Di Bandung, ada murid SD yang setiap hari menunggu gurunya di gerbang sekolah, lalu membawakan tas sang guru. Ketika ditanya, ia menjawab polos: “Karena guru sudah seperti ibu kedua.”
Tentang memuliakan guru ini, para ulama menyatakan,
Imam al-Ghazali dalam Ihya’ ‘Ulumiddin berkata, “Seorang murid wajib menghormati gurunya lebih daripada penghormatannya kepada kedua orang tuanya. Sebab kedua orang tua adalah sebab keberadaan dirinya di dunia, sedangkan guru adalah sebab keselamatan dirinya di akhirat.”
Imam Syafi’i dikenal dengan ungkapan,“Barang siapa tidak memuliakan guru dan tidak menjaga kehormatan ulama, maka ia tidak akan mendapatkan keberkahan ilmu.”

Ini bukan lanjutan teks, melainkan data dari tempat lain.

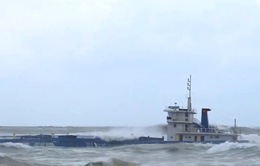 Khó tiếp cận tàu Hoàng Gia 46 gặp nạn do thời tiết xấu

Imam Ahmad bin Hanbal berkata,“Aku mendoakan Imam Syafi’i dalam shalatku setiap hari selama 40 tahun.” Ia juga berkata,“Manusia lebih membutuhkan ilmu daripada makanan dan minuman, dan ilmu tidak akan diperoleh kecuali dengan adab.”
Syekh Abdul Qadir al-Jilani dalam Futuh al-Ghaib berkata,“Tidak akan memperoleh ilmu orang yang meremehkan guru atau mengangkat diri di atas gurunya.”